It’s not December yet but with the Late Late Toy Show on next Friday night, I’d imagine lots of families will be getting their tree and the decorations in place to have the house looking festive and adding to the Christmassy atmosphere. No one wants to end up in A & E or even experience any small accidents when decorating so here’s eight safety tips to ensure that while the house looks suitably festive, you’re all hale, hearty and feeling safe and cosy while watching the Toy Show:-
Don’t stand on coffee tables or chairs to reach the top of the tree or the ceiling. Even just writing that has made me remember the time my cousin fell off a chair when changing a lightbulb and ended up breaking his leg! It sounds dramatic but it does happen. Ensure the ladder is on even ground and that the safety catches are in place. If you’re putting decorations on the roof, on the gable end of the house or within a double height hallway, make sure someone is standing on the bottom rung of the ladder to stop it from tipping. Don’t be tempted to lean over too far to one side when you’re up that ladder either – it’s much safer to climb down, move the ladder and climb up again.
Candles add atmosphere to a room too via their flickering light and their scent but never leave them unattended. If there are young children around, ensure candles are out of reach. It may sound obvious but don’t place them near curtains, Christmas cards or decorations. It does happen that a candle placed on a mantelpiece can ignite the cards beside it as it burns down.

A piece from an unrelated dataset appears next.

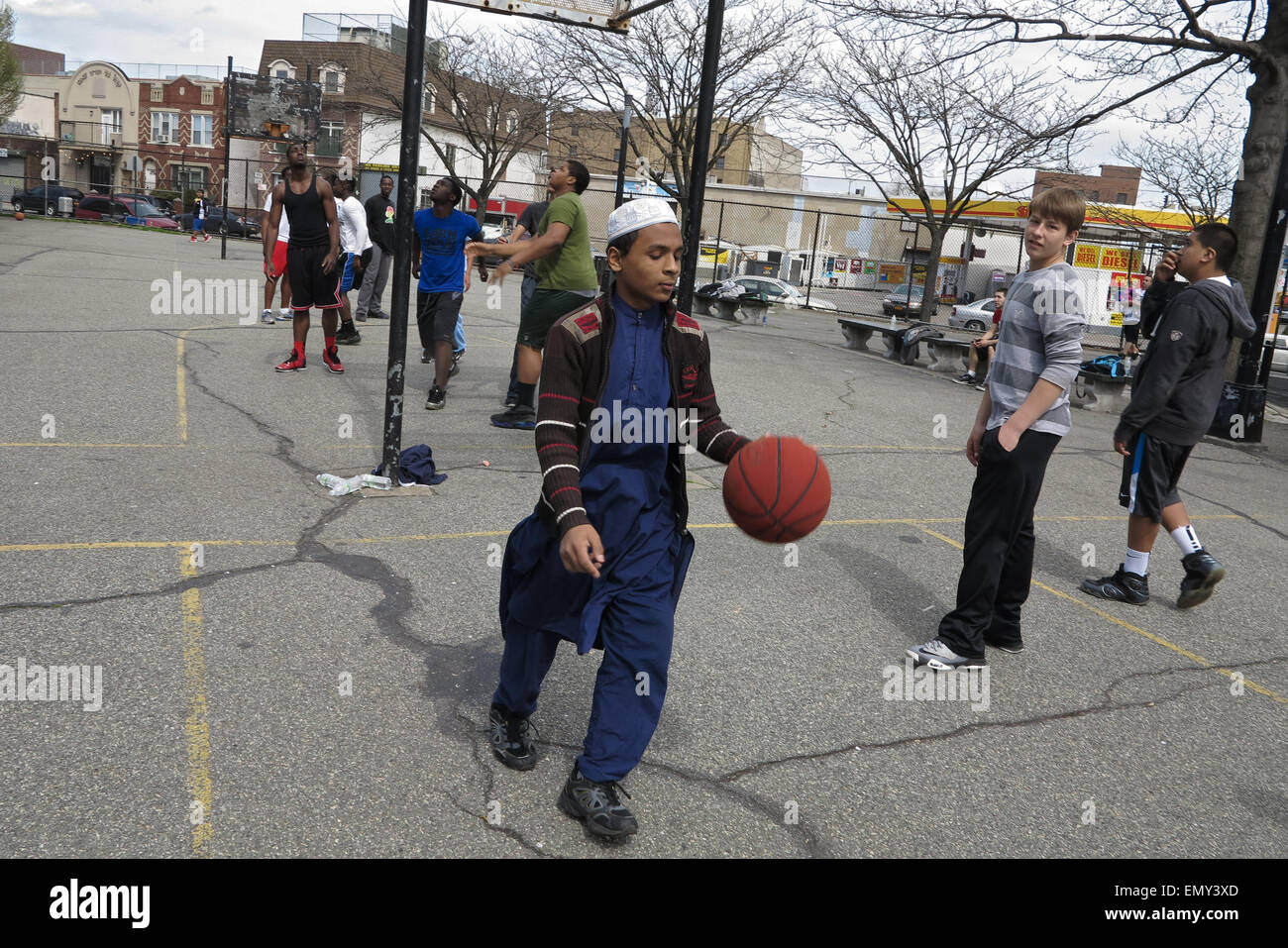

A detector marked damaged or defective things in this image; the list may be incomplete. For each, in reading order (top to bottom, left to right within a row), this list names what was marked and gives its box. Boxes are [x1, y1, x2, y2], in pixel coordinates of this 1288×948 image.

crack in asphalt [715, 659, 1246, 783]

If your Christmas lights are starting to look like they have seen better days, in terms of the wiring starting to fray at all or a crack in the plug, it’s time to invest in new ones. Remember they are left on for hours and they are close to decorations and wrapped gifts which could ignite if there’s too much heat. Artificial trees should all be labelled “fire resistant” so check that’s on the box. Remember it doesn’t mean the tree won’t catch fire, it’s just more resistant.
4. Tree Placement
Place the tree in a part of the room where it won’t obstruct anything, there’s no danger of anyone falling over wires or over the lower branches, or of falling against it and knocking it over.
5. Young Children
The sparkle of decorations on a tree are enticing to young children so ensure that there aren’t any decorations on the lower branches that have sharp edges, parts that can be bitten off or that could shatter and cut their hands. Weight the tree down so it’s not easy to pull over should a toddler reach out to grab a branch. Much of the same advice applies to pets actually.
6. Wrapping Paper
Can wrapping paper carry a risk? Well, if the fire is lighting and a child throws the discarded wrapping paper into the fire without scrunching it up tightly first, the loose paper could fall out onto the hearth or even further, creating a serious fire risk.
7. Scissors & Knives
Between the sharp knife for carving the turkey, the scissors for opening well-cellotaped wrapping paper and boxes, or a knife instead of a screwdriver for assembling toys, you can see that lots of sharp implements in use while sipping on the wine, liquers or brandy may not be a good combination.
8. Food Poisoning
Check the cooking times for the weight of your turkey and remember to add more time if you’re stuffing the bird. If it was frozen, ensure you’re giving it enough time to defrost before Christmas morning. Prepare, plan, stay safe and I hope you have a wonderful Christmas. Will you be putting up your decorations before the Late Late Toy Show?